Nous ne revendiquons pas le retour à des cours d’eau au débit naturel sans aucun impact anthropique, seulement le respect d’un minimum inconditionnel garantissant la vie, ainsi qu’un fonctionnement satisfaisant dont découlent des services écosystémiques qui bénéficient aux humains. Si nous ne sommes pas là pour le faire, qui le fera ? Visiblement, pas l’Etat.
La sécheresse exceptionnelle que nous vivons change-t-elle quelque chose ? Les stockages, solution plébiscitée par le monde agricole, se sont peu remplis cet hiver, comme l’ont déjà expérimenté de nombreuses autres régions du monde. L’agriculture irriguée est donc menacée cette année. Au nom de cette crise, devrions-nous accepter le sacrifice de la Têt ? Je pourrais faire une réponse juridique : pas dans les limites définies par la loi. Mais au delà du droit, c’est bien maintenant que tout se joue. Si nous capitulons face à cette sécheresse au nom de l’exception, que ferons-nous demain, lorsque l’exception deviendra la règle ? Est-ce le monde d’après que nous voulons ? Un monde où les cours d’eau sont morts du fait d’une sécheresse créée par l’humanité, mais où l’on pourrait encore, pour un temps, exporter nos productions ? C’est le moment de tenir la position, et il est regrettable que nous soyons si peu à avoir le courage de le faire. Dans les campagnes du Roussillon et des Corbières, la terreur règne, et de trop nombreux élus, de droite comme de gauche, hurlent avec les loups sans se soucier de l’intérêt général, au nom du maintien, le plus longtemps possible, d’un modèle agricole encore trop gaspilleur d’eau et trop dépendant de l’irrigation.

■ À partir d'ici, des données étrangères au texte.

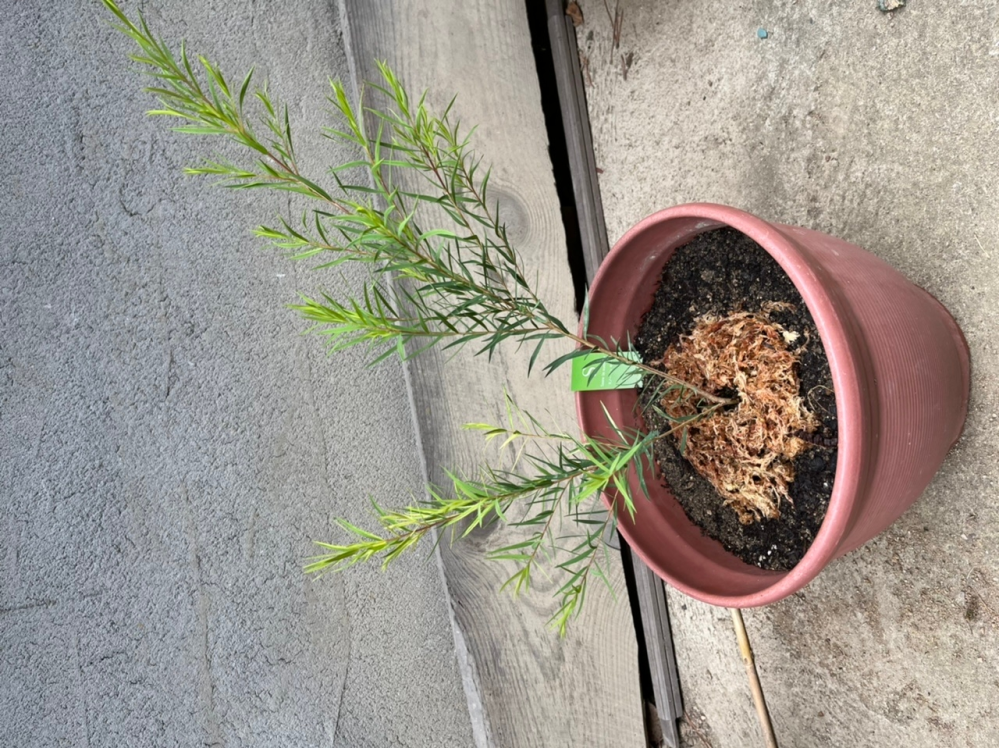 二股の苗を一本にしたいです ティーツリーの木を苗を通販で購入したのですが Yahoo 知恵袋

Pour nous, l’intérêt général passe par le maintien d’un minimum pour les écosystèmes, et un partage équitable du surplus – s’il existe – entre les différents usages humains. S’adapter ne signifie pas s’accaparer la part minimale des écosystèmes, mais réduire les usages, les optimiser, et les prioriser en fonction de la diminution de la ressource. Faute d’anticipation suffisante des limites écosystémiques, l’agriculture risque de subir une pression de sélection drastique dès cet été, ce qui ne sera pas sans dommages économiques et sociaux. Ceux qui s’en sortiront le mieux ne seront peut-être pas ceux que l’on croit, bénéficiaires d’un système d’irrigation, mais aussi dépendants et donc vulnérables. Quoi qu’il arrive, il n’y a aucune raison que la nature paye une fois de plus l’addition des erreurs de l’agriculture intensive. Il est de notre responsabilité de nous en assurer en rappelant les limites légales, tout en continuant à appeler de nos vœux la révolution agroécologique.